① 当該営業所において請負契約が締結された建設工事であること

② 工事現場の職務に従事しながら実質的に営業所の職務にも従事しうる程度に工事現場と営業所が近接し、当該営業所との間で常時連絡をとりうる体制にあること

③ 所属建設業者と直接的かつ恒常的な雇用関係にあること

 

⑵ 配置技術者の専任性が求められる工事現場

 当該管理建築士は、配置技術者の専任性が求められている工事現場に、技術者として配置できません。

 なぜなら、建設業者は、元請下請の別にかかわらず、公共性のある施設若しくは工作物又は多数の者が利用する施設若しくは工作物に関する重要な建設工事の場合は、専任性を求められます。具体的には、民間工事を含み、個人住宅を除くほとんどの建設工事が該当し、工事一件の請負代金の額が3,500万円(建築一式工事の場合は7,000万円)以上の建設工事です。

 このような建設現場においては、建設工事の安全かつ適正な施工をより厳格に確保するため、監理技術者等を工事現場ごとに専任で置かなければなりません。

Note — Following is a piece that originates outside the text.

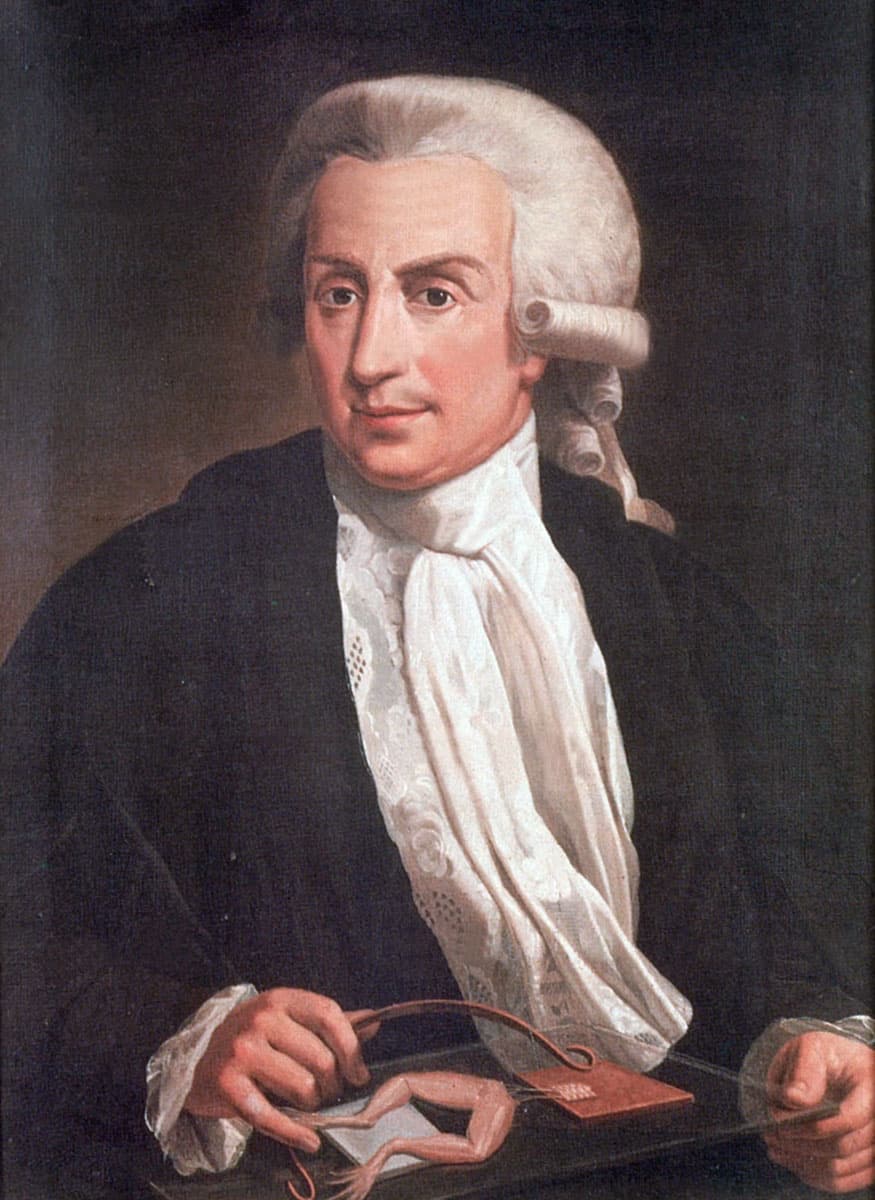 Retrato de Luigi Galvani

(建設業法26条3項、施行令27条1項)

 ここでいう「専任」とは、他の工事現場に係る職務を兼務せず、常時継続的に当該工事現場に係る職務にのみ従事することをいいます。

 

⑶ 監理技術者が求められる工事現場

 当該管理建築士は、監理技術者が求められる工事現場に技術者として配置できません。なぜなら、監理技術者も当然に専任性を求められるからです。

 監理技術者が求められる工事現場とは、元請工事で、特定建設業者が4,000万円(建築一式工事の場合は6,000万円)以上を下請契約して建設工事を施工する場合です。その時に、特定建設業者が工事現場に配置する技術者のことを「監理技術者」いいます。根拠条文は建設業第26条第2項です。

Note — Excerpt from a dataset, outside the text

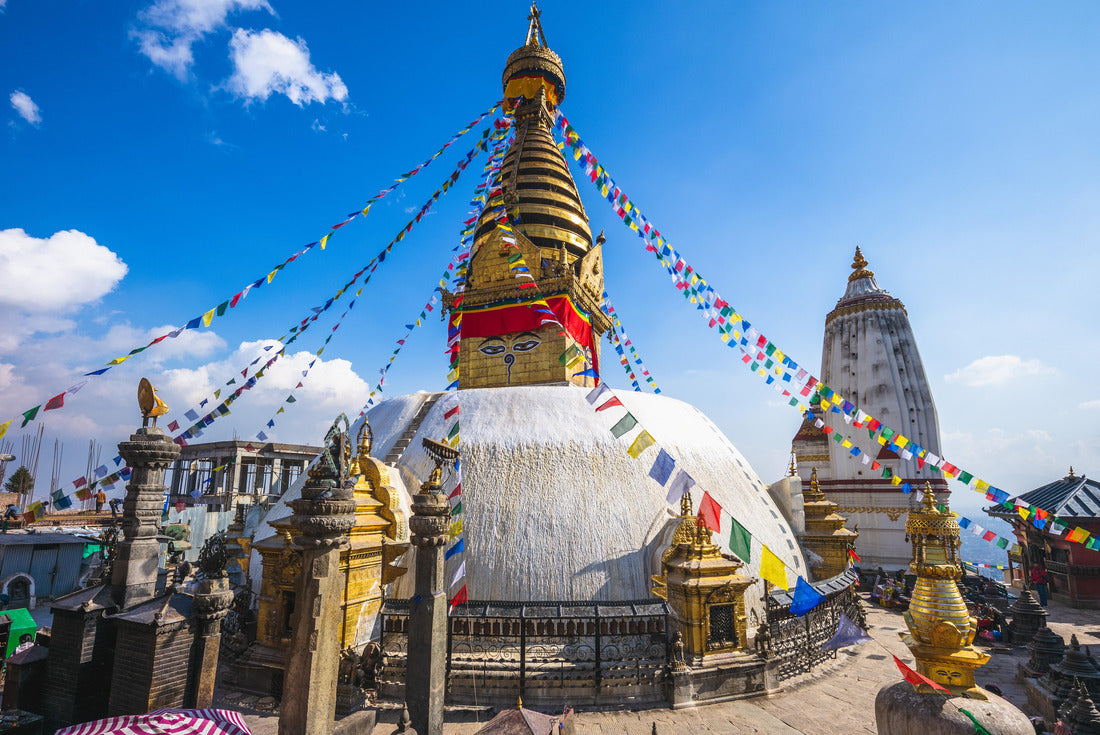 Swayambhunath, monkey temple in Kathmandu, Nepal 2000pc Puzzle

 また、監理技術者は、一級建築士の資格以外に監理技術者の資格者と講習修了者でなければなりませんので、技術者として配置できません。

 

⑷ 遠方である工事現場

 当該管理建築士は、遠方である工事現場に技術者として配置できません。

 なぜなら、管理建築士は事務所に常勤し、専ら管理建築士の職務を行う必要があり、不測の事態に対応できることが求められています。これは、建設業における専任技術者も同様です。したがって、上記⑴と同様の考え方で近傍の工事に制限されるからです。

 

⑸ 公共工事における代表者や経営業務管理責任者の場合

 これに関しては、各役所での取り扱いが異なります。当該管理建築士が建設業における経営業務管理責任者(経管)であっても、工事現場の技術者に配置できる場合とできない場合があります。また、当該管理建築士が代表者である場合も、工事現場の技術者に配置できる場合とできない場合があります。

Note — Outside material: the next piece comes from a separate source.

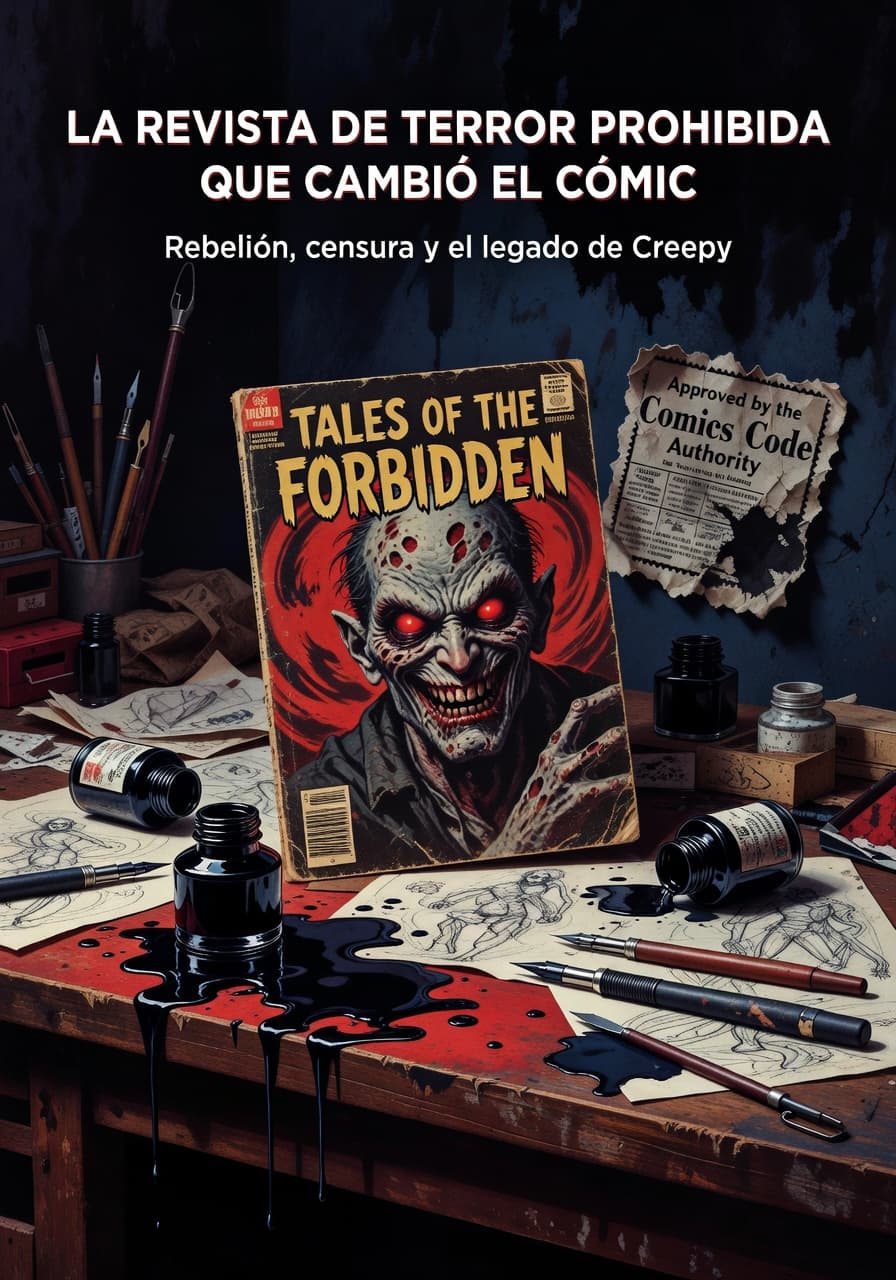 Aprende el Arte del Horror con el Legado de Creepy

 したがって、各役所で確認の上で対応するしかありません。

 

2.建築士事務所における管理建築士の専任性

 建築士事務所における管理建築士の専任性は、事務所に常勤し、専ら管理建築士の職務を行う必要があり、他社の常勤取締役、常勤従業員などの兼務はできないと規定されています。根拠条文は建築士法24条です。この規定は、建設業における経営業務管理者、専任技術者の専任性と同趣旨だと理解できます。

 しかし、従来から容認されているとおり、同一法人における同一事務所内での、建設業における代表者、経営業務管理責任者及び専任技術者の兼務は可能です。同様に、建築士事務所における管理建築士も兼務できると考えます。

 

3.まとめ

 以上をまとめますと、同一法人における同一事務所内であれば、建築士事務所の管理建築士も、上記⑴~⑸の建設業における工事現場以外なら技術者として配置できると考えます。なぜなら、技術者としての専任性が求められないからです。